» **Dataset records**
╔══

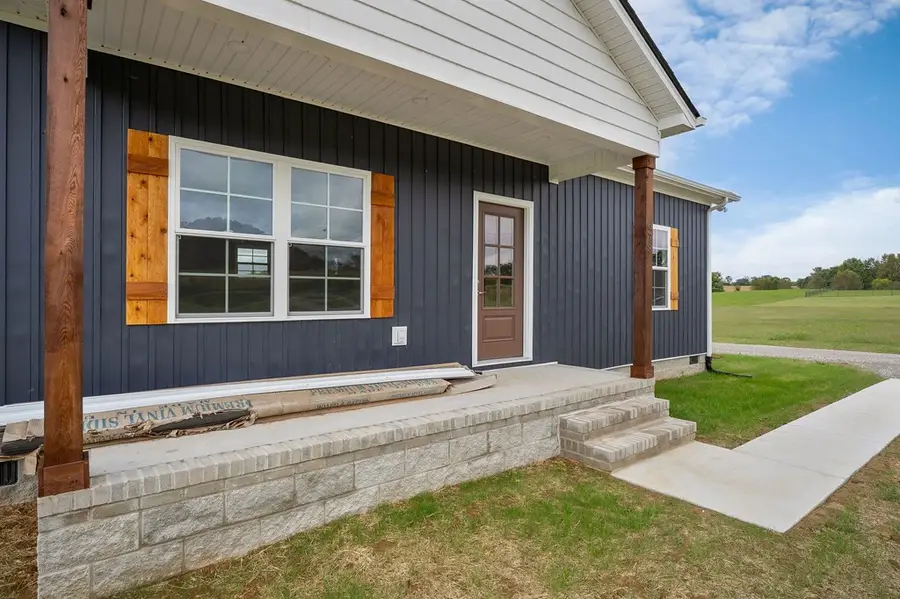 678 Black Oak Rd, Sparta, TN 38583 - Image #3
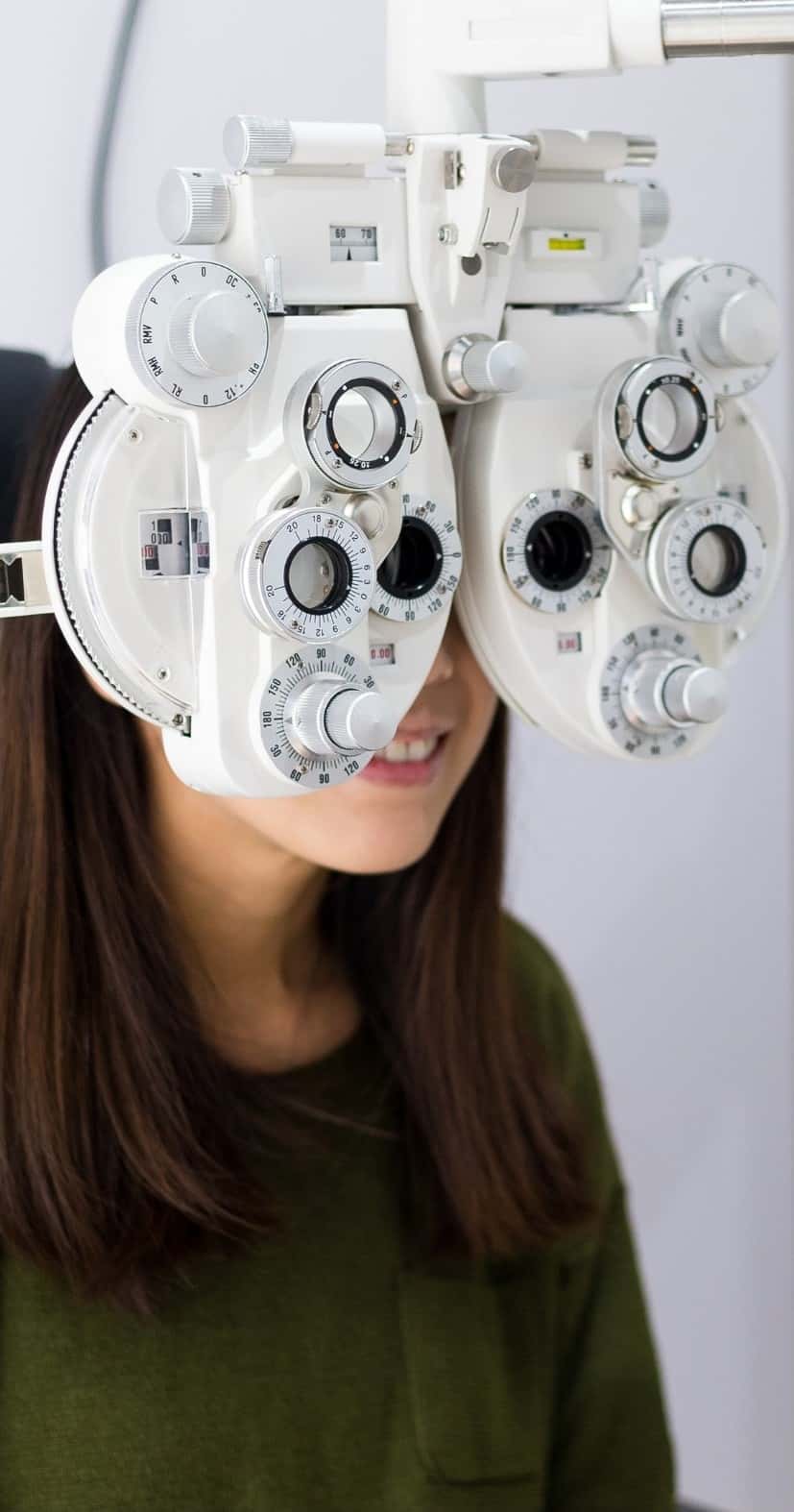 Patient recieving eye exam from local eye doctor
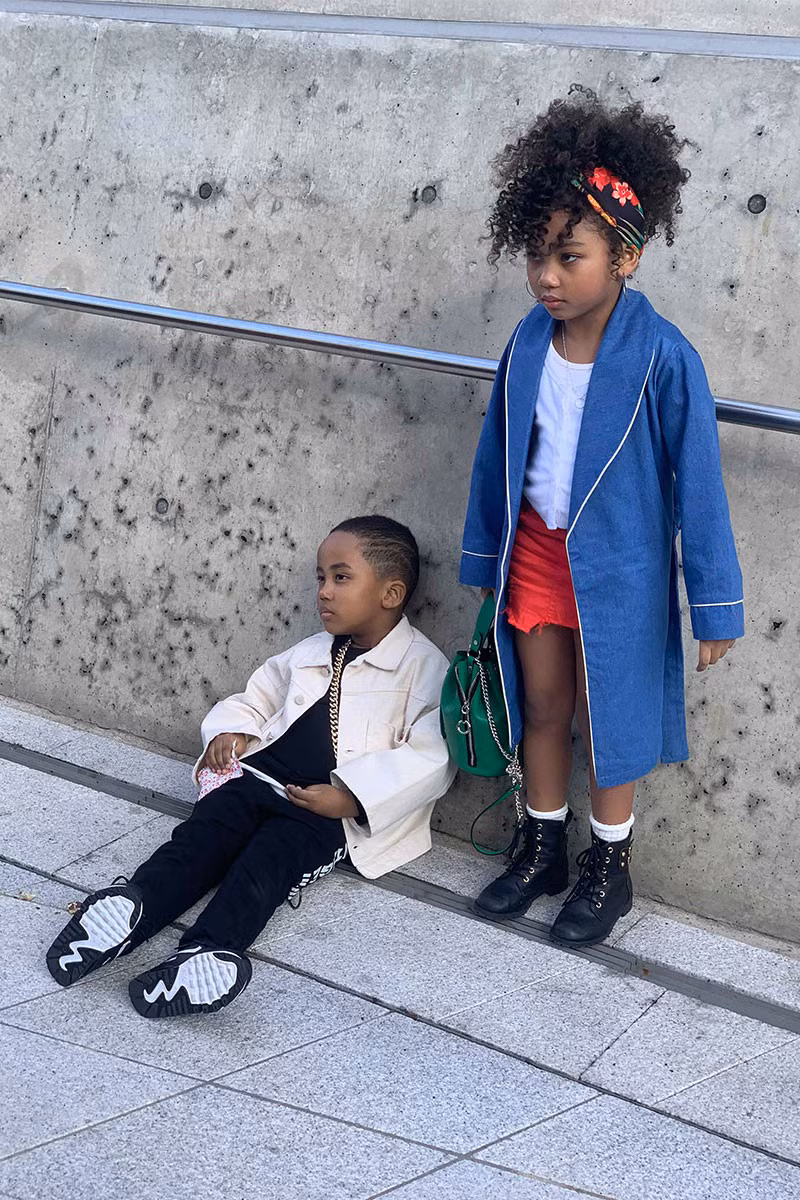 Hai chị em thần thái rất ngầu.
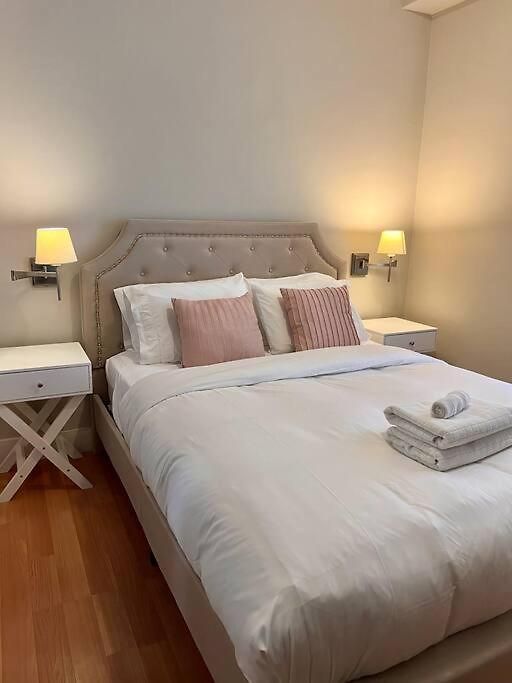Spacious 4br Near Subway, Sleeps 8per Easy Access To Downtown * Boston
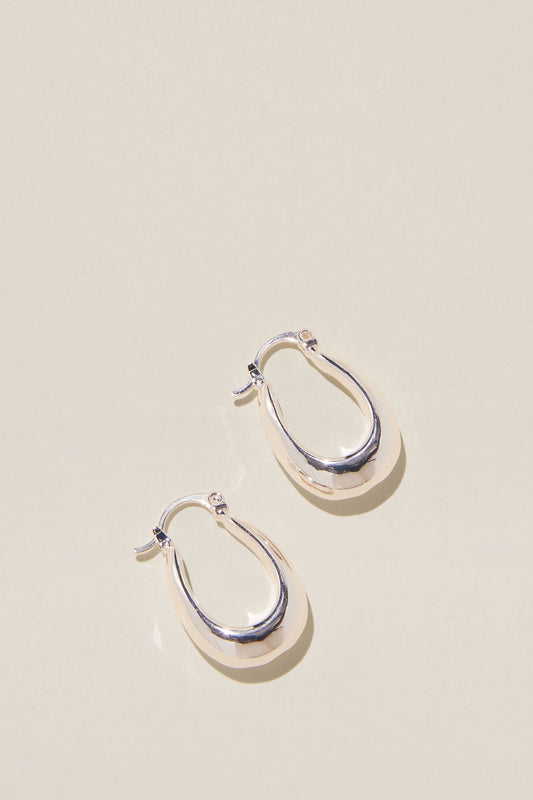 Mid Hoop Earring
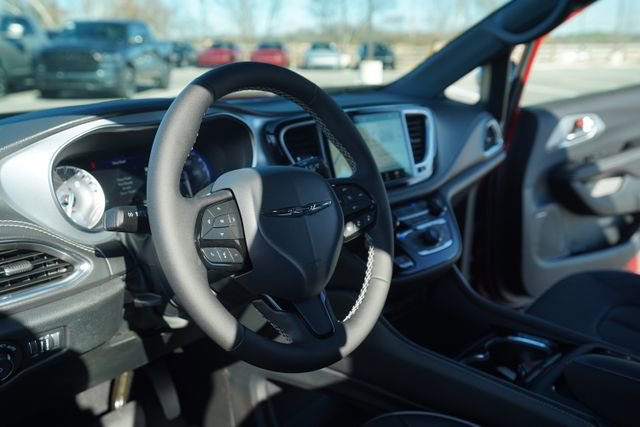 New 2026 Chrysler Pacifica Limited w/ Uconnect Theater Family Group image 28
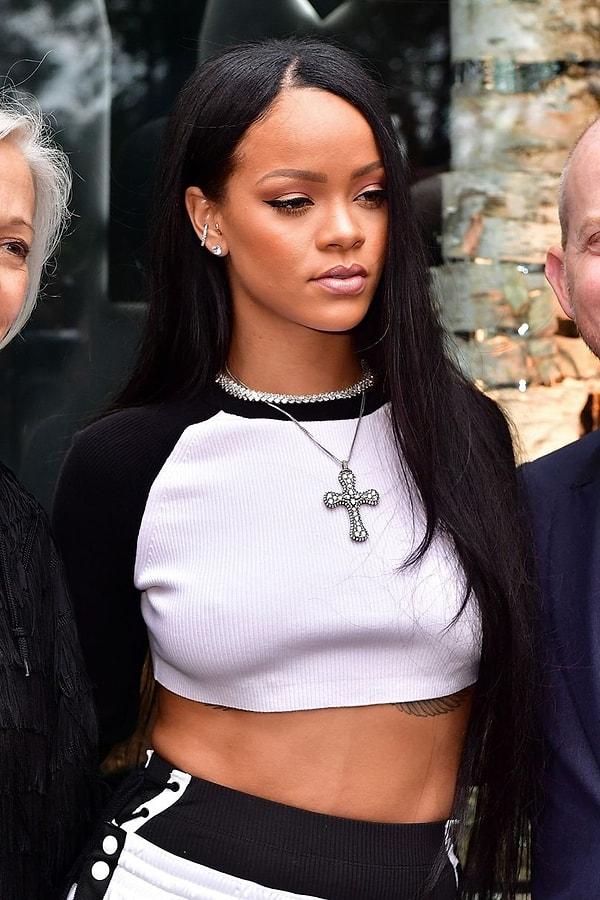 Kısa saç çok yakışsa da bele gelen uzun saçlar Rihanna'ya bambaşka bir hava katıyordu. 😎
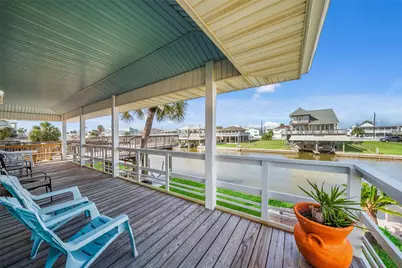 3815 Antascosa Key Drive, Galveston, TX 77554 - Photo 9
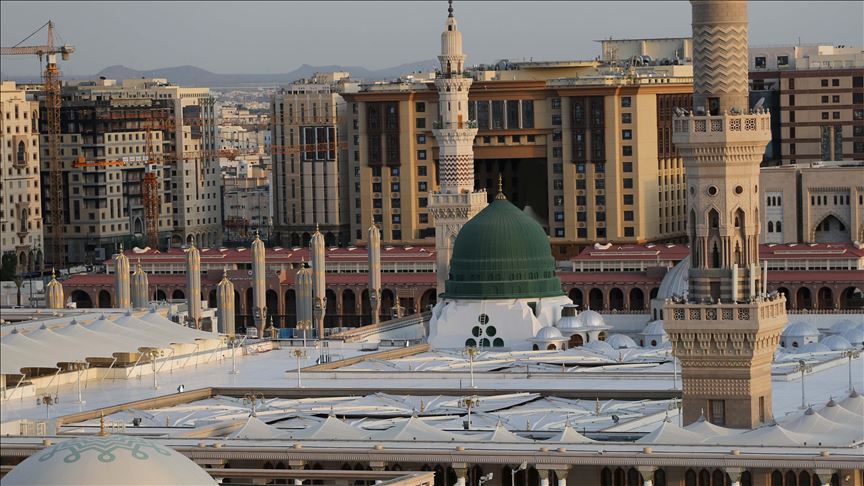 Saudi Arabia suspends Ramadan prayers at Holy Mosques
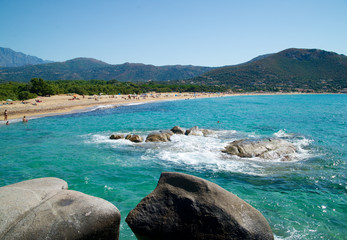 plage et vacanciers l'&eacute;t&eacute;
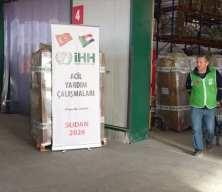 İHH Sudan'ı unutmadı! 13 TIR&rsquo;lık insani yardım b&ouml;lgeye g&ouml;nderildi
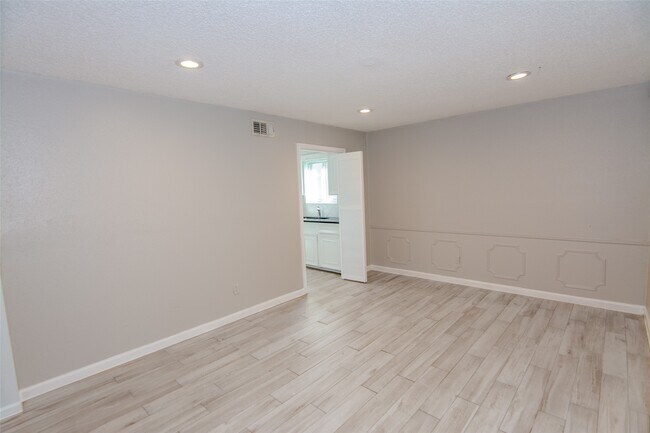 Foto del edificio - 1027 Montour Dr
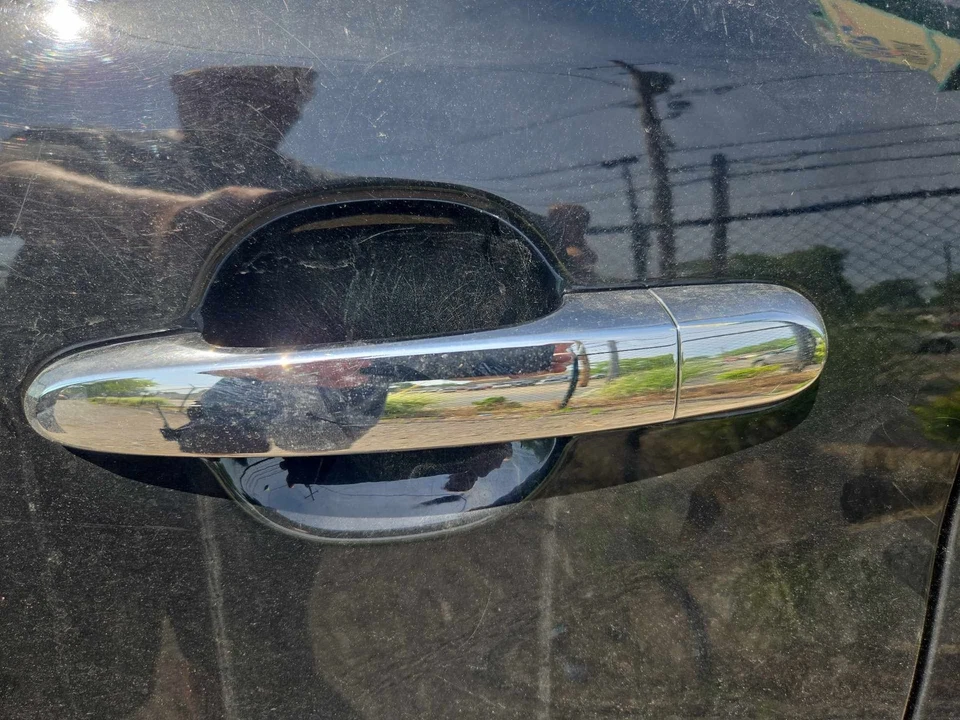 Outside Door Handle KIA SORENTO Left 11 12 13 14 15 Foto 1 de 3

╚══

» **Assignment**
Write out again, exactly, the lines from the start of the listing up to the line containing "New 2026 Chrysler", with both ends and without pictures.

» **Completed task**
 678 Black Oak Rd, Sparta, TN 38583 - Image #3
 Patient recieving eye exam from local eye doctor
 Hai chị em thần thái rất ngầu.
Spacious 4br Near Subway, Sleeps 8per Easy Access To Downtown * Boston
 Mid Hoop Earring
 New 2026 Chrysler Pacifica Limited w/ Uconnect Theater Family Group image 28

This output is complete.